Niet alles is rooskleurig geweest, dat weet iedereen, maar de conclusie dat er op geen enkel gebied vooruitgang is geboekt, klopt simpelweg niet.
Wanneer we terugkijken naar vroeger
Dat het besteedbaar inkomen is gekrompen, valt niet te ontkennen. Jongeren hadden in de jaren zeventig meer mogelijkheden om een degelijke toekomst op te bouwen.
Het onderwijs lag op een sterker niveau, de gezondheidszorg functioneerde stabieler en de gemiddelde Surinamer had een bredere basis aan kennis.

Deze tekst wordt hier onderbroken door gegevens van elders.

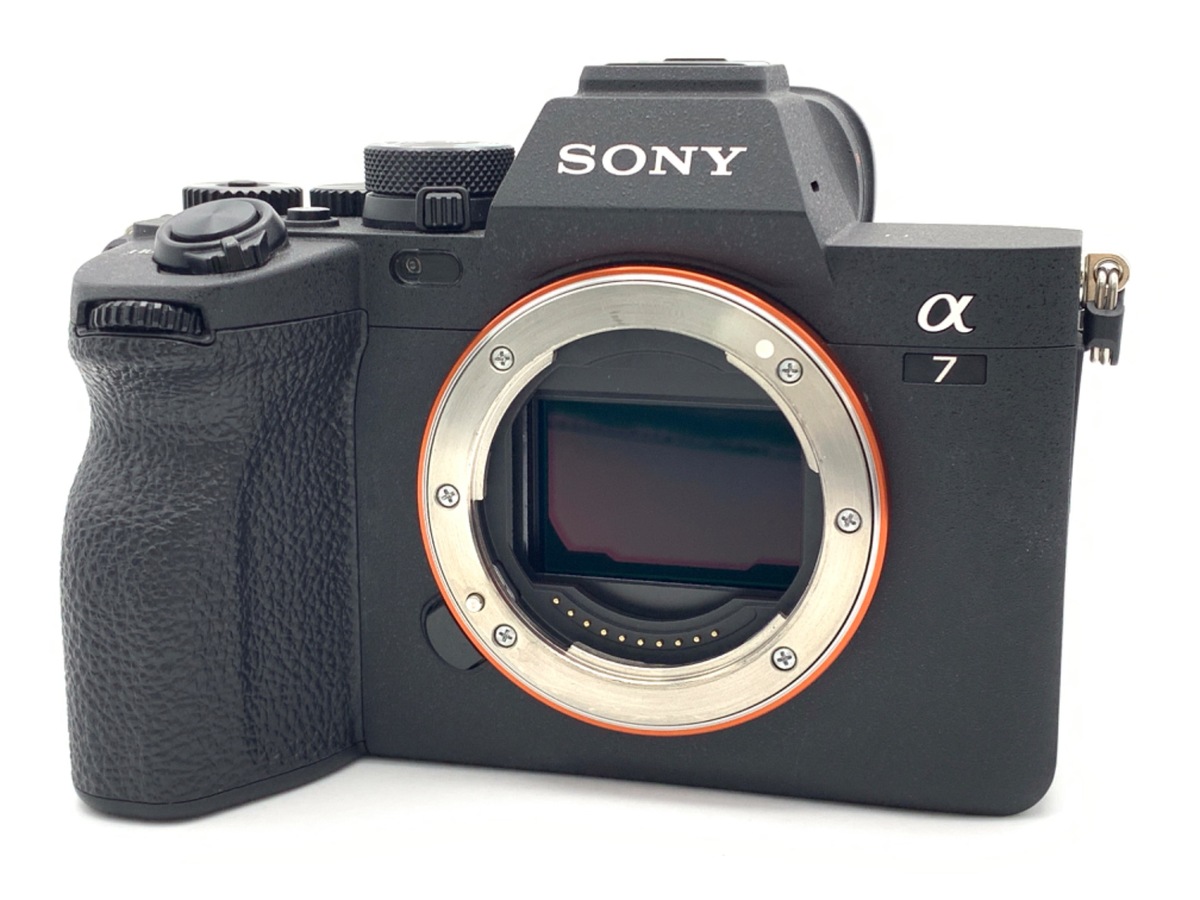 【中古】SONY α7IV ILCE-7M4本体 ボディ　ミラーレス一眼 中古】ソニー α7 IV ボディ [ILCE-7M4] 在庫一覧｜カメラのキタムラ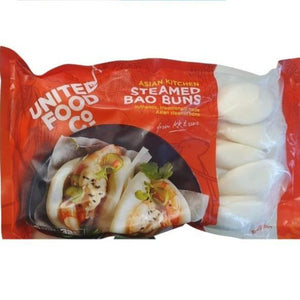 United Food Co Steamed Bao Bun Frozen /15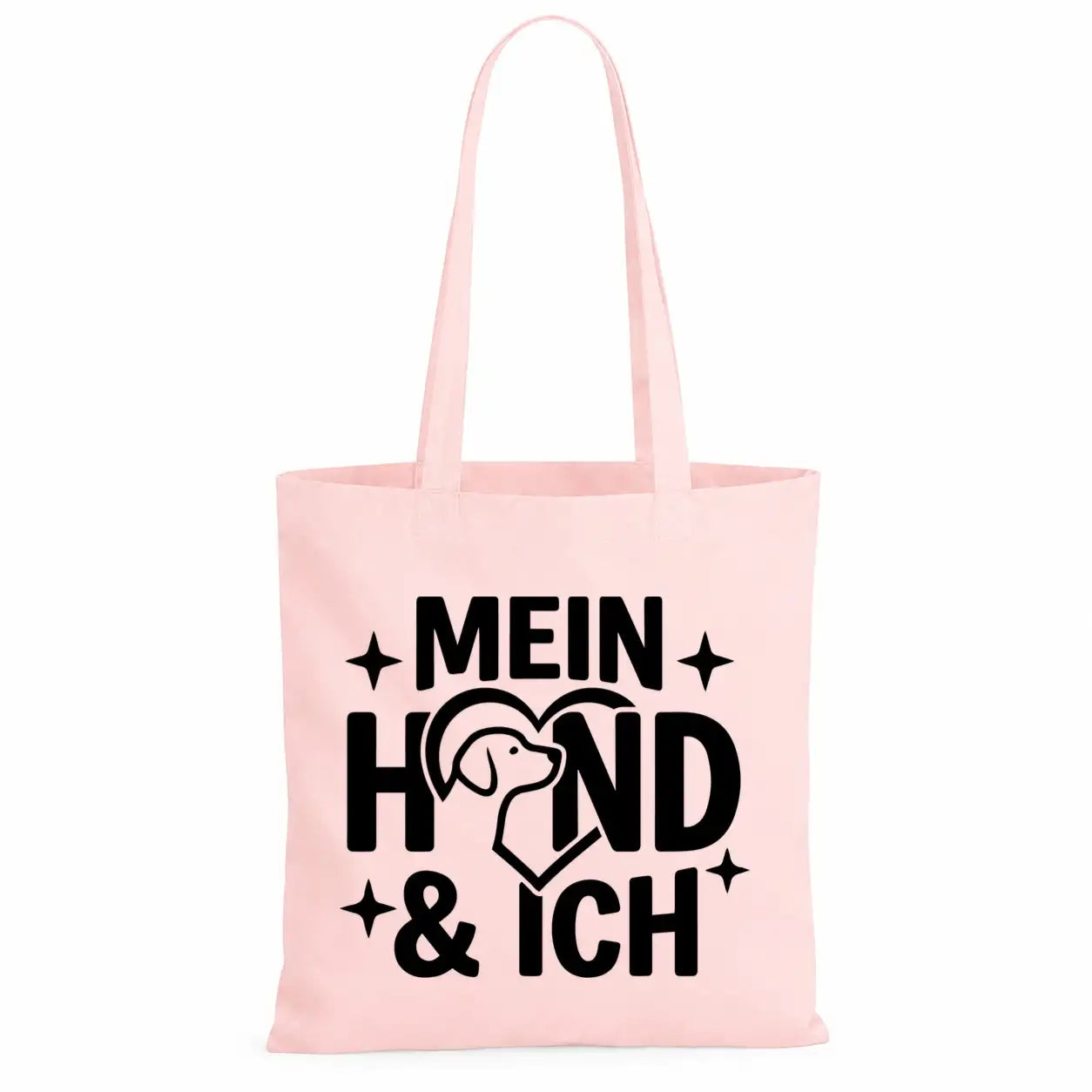 Baumwolltasche - Hundemama Motive - Motiv nach Wahl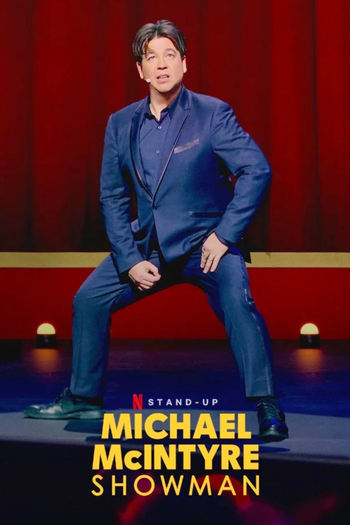 Poster de Filme Michael McIntyre: Showman (2020)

Bovendien heerste er destijds minder criminaliteit en voelde het dagelijks leven overzichtelijker. Dit zijn wezenlijke aspecten die bepalen hoe mensen een land ervaren en dat gevoel weegt zwaar wanneer men terugkijkt.
Toch is het te eenvoudig om die tijd als volledig beter te bestempelen. De wereld veranderde, economische schokken kwamen op ons af en verschillende generaties kregen met nieuwe uitdagingen te maken.
Het nostalgische beeld is waardevol, maar toont nooit de volledige werkelijkheid.
Waar vooruitgang wél zichtbaar is
Kijk bijvoorbeeld naar de infrastructuur. De bruggen richting Commewijne en Marowijne hebben ons land letterlijk meer verbonden. Reizen dat vroeger een halve onderneming was, gaat nu vlotter en opent nieuwe mogelijkheden voor handel en recreatie.
Daarnaast heeft de opkomst van moderne winkelcentra en de aanwezigheid van buitenlandse ondernemers gezorgd voor meer variatie in producten, betere service, hotels, recreatieoorden en plekken waar mensen graag verblijven.
Er is ook vooruitgang geboekt in technologie. Internettoegang is niet meer weg te denken uit het dagelijkse leven. Veel jongeren verdienen tegenwoordig hun inkomen online, iets wat vroeger ondenkbaar was.
Ook het groeiende aantal kleine bedrijven, van cafés tot creatieve startups, laat zien dat ondernemerschap langzaam maar zeker terrein wint.
Deze verbeteringen maken de achteruitgang in andere sectoren niet minder pijnlijk, maar ze laten wel zien dat het beeld genuanceerder is dan het dominante narratief suggereert.
We hoeven het verleden niet te romantiseren om eerlijk te kunnen erkennen wat wél goed gaat. Suriname is geen land dat stilstaat. Het beweegt, soms langzaam, soms haperend, maar het beweegt wel.